There are 1 best solutions below

6
On

Retry and the HttpRequestException

Whenever we are talking about Polly policies then we can distinguish two different exceptions:

  • handled
  • unhandled.

Handled exception

  • It triggers a certain kind of behaviour of the given policy (in this case the HttpRequestException).
  • The handled exception is thrown again if the policy can't succeeded.
  • If there is an other policy then it may or may not handle that exception.

Unhandled exception

  • It does not induce any sort of reaction (for example WebException in our case).
  • The unhandled exception is flowed through the policy.
  • If there is an other policy then it may or may not handle that exception.

"Around half of them are caught and retried by Polly.
The other half however ends up in my try-catch-block"

This can happen if some of your retries run out of attempts. In other words there are some requests which could not succeeded in 6 attempts (5 retry and 1 initial attempt).

This can be easily verified with one of the following two tools:

  • onRetry + context
  • Fallback + context

onRetry + context

The onRetry is called when the retry policy is triggered but before the sleep duration. The delegate receives the retryCount. So to be able to connect / relate separate log entries of the same request you need to use some sort of correlation id. The simplest way to have one can be coded like this:

public static class ContextExtensions
{
    private const string Key = "CorrelationId";

    public static Context SetCorrelation(this Context context, Guid? id = null)
    {
        context[Key] = id ?? Guid.NewGuid();
        return context;
    }

    public static Guid? GetCorrelation(this Context context)
    {
        if (!context.TryGetValue(Key, out var id))
            return null;

        if (id is Guid correlation)
            return correlation;

        return null;
    }
}

Here is a simplified example:
The to be executed method

private async Task<string> Test() 
{ 
    await Task.Delay(1000); 
    throw new CustomException(""); 
}

The policy

var retryPolicy = Policy<string>
    .Handle<CustomException>()
    .WaitAndRetryAsync(5, _ => TimeSpan.FromSeconds(1),
        (result, delay, retryCount, context) =>
        {
            var id = context.GetCorrelation();
            Console.WriteLine($"{id} - #{retryCount} retry.");
        });

The usage

var context = new Context().SetCorrelation();
try
{
    await retryPolicy.ExecuteAsync(async (ctx) => await Test(), context);
}
catch (CustomException)
{
    Console.WriteLine($"{context.GetCorrelation()} - All retry has been failed.");
}

The sample output

3319cf18-5e31-40e0-8faf-1fba0517f80d - #1 retry.
3319cf18-5e31-40e0-8faf-1fba0517f80d - #2 retry.
3319cf18-5e31-40e0-8faf-1fba0517f80d - #3 retry.
3319cf18-5e31-40e0-8faf-1fba0517f80d - #4 retry.
3319cf18-5e31-40e0-8faf-1fba0517f80d - #5 retry.
3319cf18-5e31-40e0-8faf-1fba0517f80d - All retry has been failed.

Fallback

As it was being said whenever the policy can't succeed then it will re-throw the handled exception.
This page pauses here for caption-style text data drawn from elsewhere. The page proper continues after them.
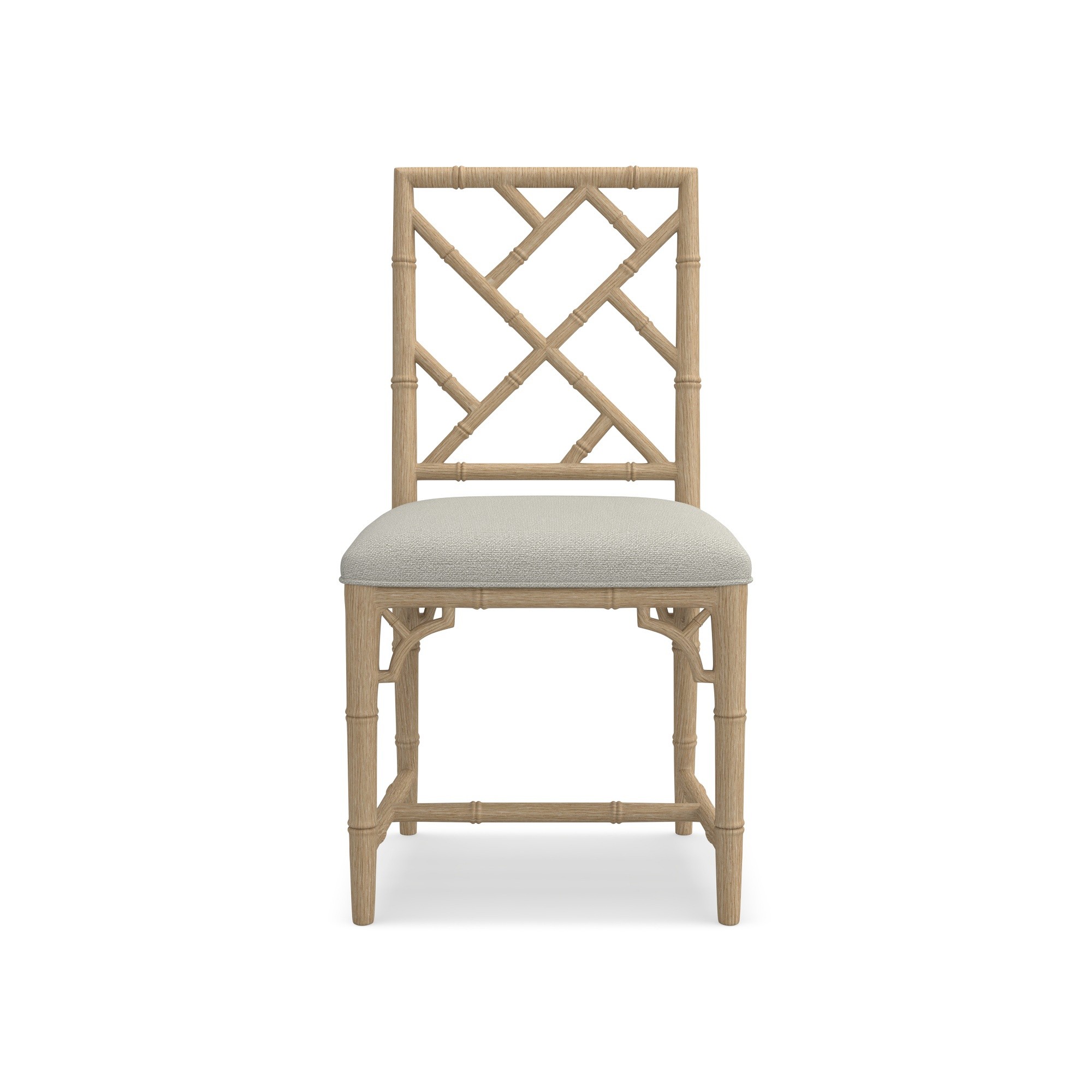 Chippendale Upholstered Bistro Side Chair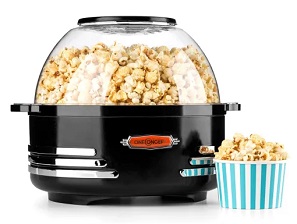 maszyna do popcornu OneConcept SHU2-Couchpotato-B, o mocy 1000 W i pojemności do 5,2 litra na jeden wsad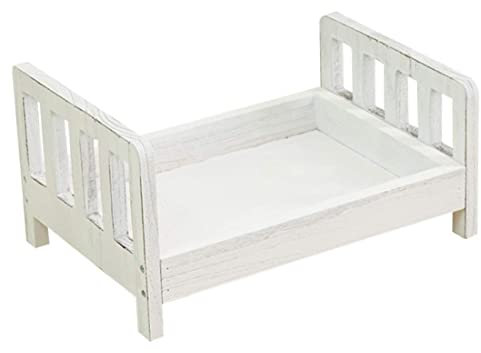 Neugeborene Fotografie Requisiten, Holzbett Hintergrund, Babyfoto Hintergrund, DIY kleines Holzbett, abnehmbares Bett, Studio Crib Shooting Requisiten Accessoires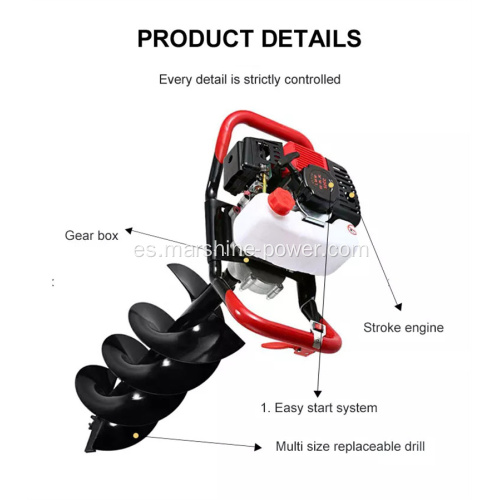 Gas Post Hole Digger One Man Auger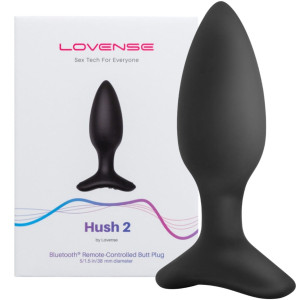 Korek Analny Sterowany Aplikacją Hush 2 Butt Plug 38Mm Lovense
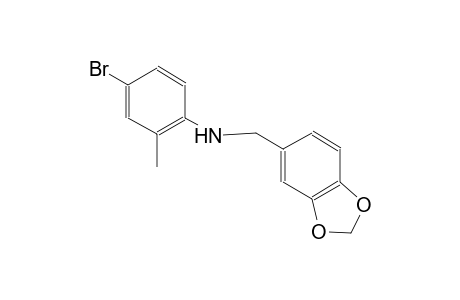 N-(1,3-benzodioxol-5-ylmethyl)-4-bromo-2-methylaniline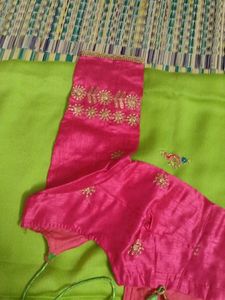 Green Embroidered Saree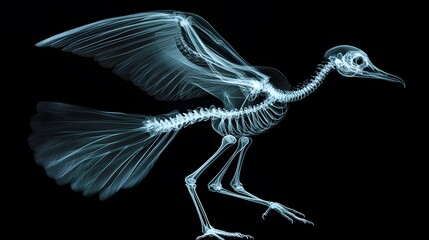 Bird Skeleton X-ray.
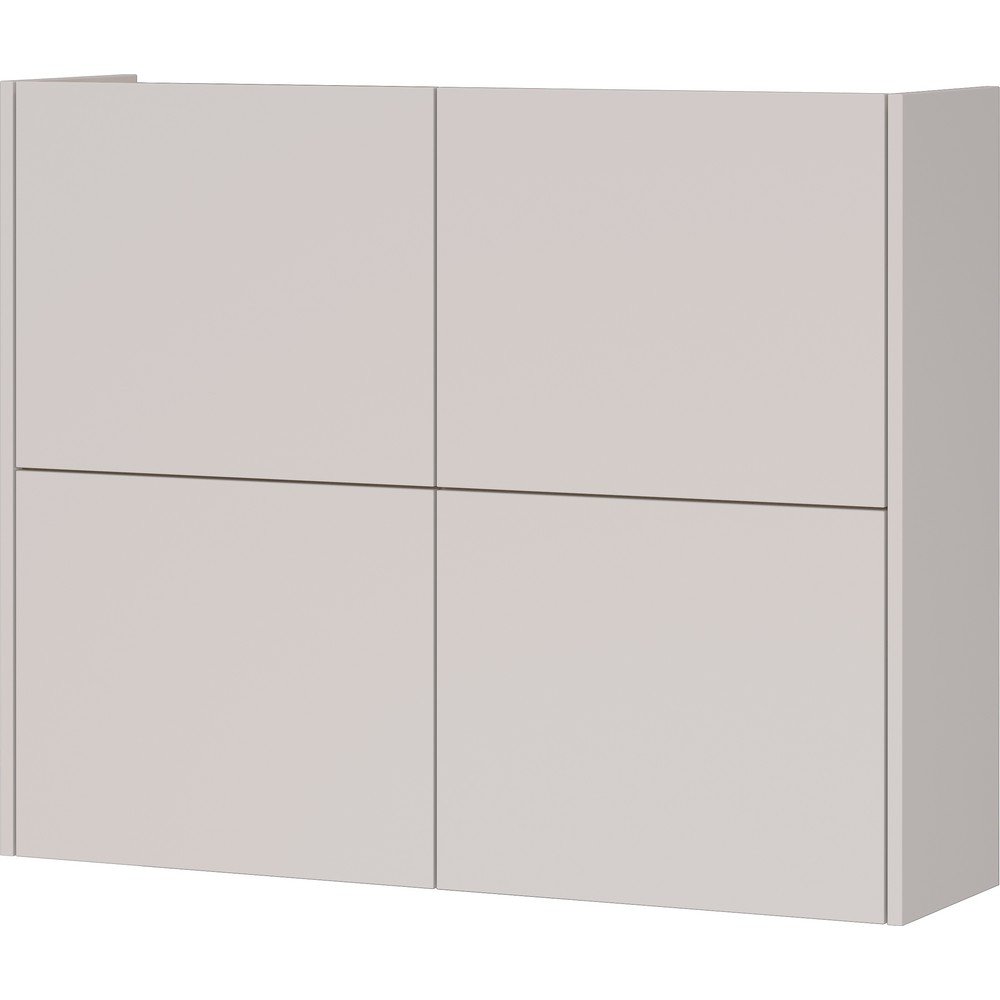 Krémszínű matt függő szekrény 97x79x27 cm Binetto – Germania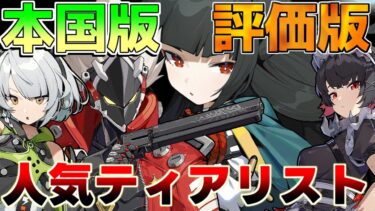 【ゼンゼロ攻略法】【ゼンゼロ】海外版！キャラ人気ティアリスト！(補足あり)【ゼンレスゾーンゼロ】【攻略解説】無課金/セス/ジェーン/エレン/雅/(評価/ティア)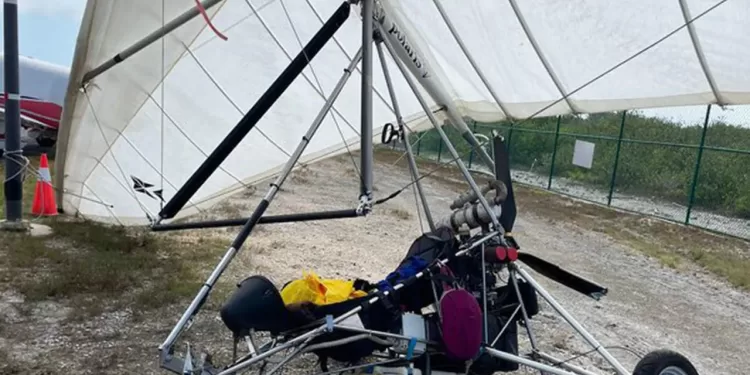 Cuban migrants fly hang glider into Florida airport only to be arrested after safe landing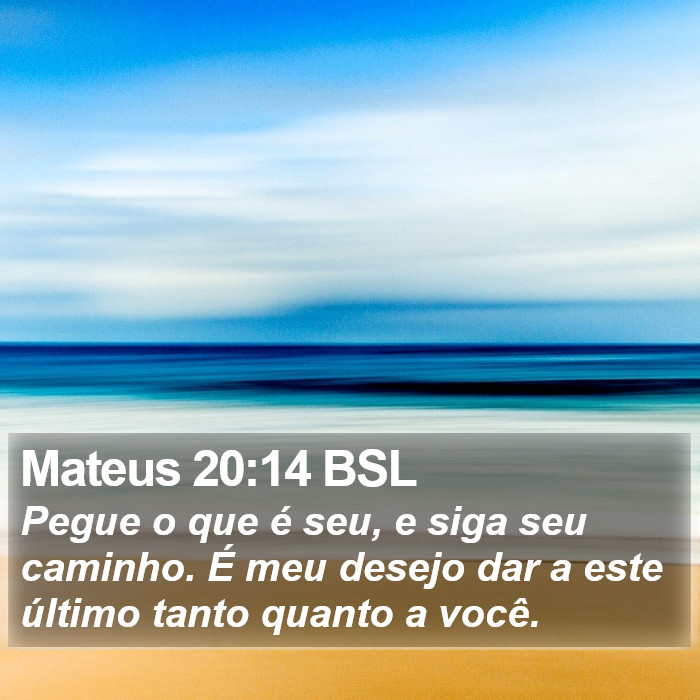 Mateus 20:14 BSL Bible Study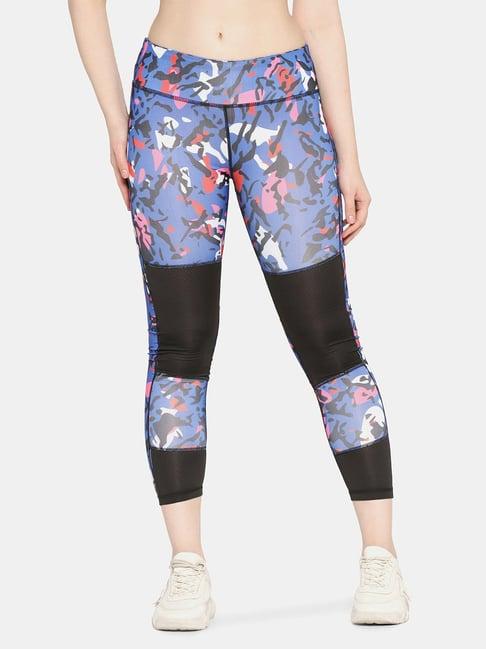 da intimo blue printed tights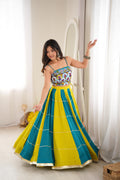 Stylish Reyon Gota Patti Mirror Lehenga Choli Set | Tulip Designer
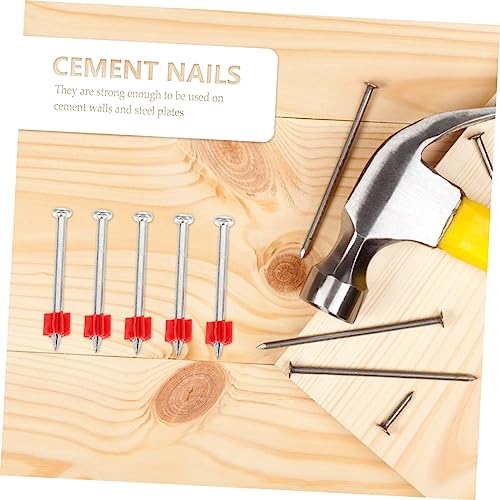 ULTECHNOVO 100 piezas Clavos de Acero para Pistola de Clavos para Concreto, Alta Penetración para Uso Profesional miniatura 6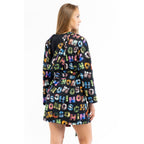 Multicolor Cotton Robe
In other words if a policy fails then it escalates the problem to the next level (next outer policy).

Here is a simplified example:
The policy

var fallbackPolicy = Policy<string>
    .Handle<CustomException>()
    .FallbackAsync(async (result, ctx, ct) =>
    {
        await Task.FromException<CustomException>(result.Exception);
        return result.Result; //it will never be executed << just to compile
    }, 
    (result, ctx) =>
    {
        Console.WriteLine($"{ctx.GetCorrelation()} - All retry has been failed.");
        return Task.CompletedTask;
    });

The usage

var context = new Context().SetCorrelation();
try
{
    var strategy = Policy.WrapAsync(fallbackPolicy, retryPolicy);  
    await strategy.ExecuteAsync(async (ctx) => await Test(), context);
}
catch (CustomException)
{
    Console.WriteLine($"{context.GetCorrelation()} - All policies failed.");
}

The sample output

169a270e-acf7-45fd-8036-9bd1c034c5d6 - #1 retry.
169a270e-acf7-45fd-8036-9bd1c034c5d6 - #2 retry.
169a270e-acf7-45fd-8036-9bd1c034c5d6 - #3 retry.
169a270e-acf7-45fd-8036-9bd1c034c5d6 - #4 retry.
169a270e-acf7-45fd-8036-9bd1c034c5d6 - #5 retry.
169a270e-acf7-45fd-8036-9bd1c034c5d6 - All retry has been failed.
169a270e-acf7-45fd-8036-9bd1c034c5d6 - All policies failed.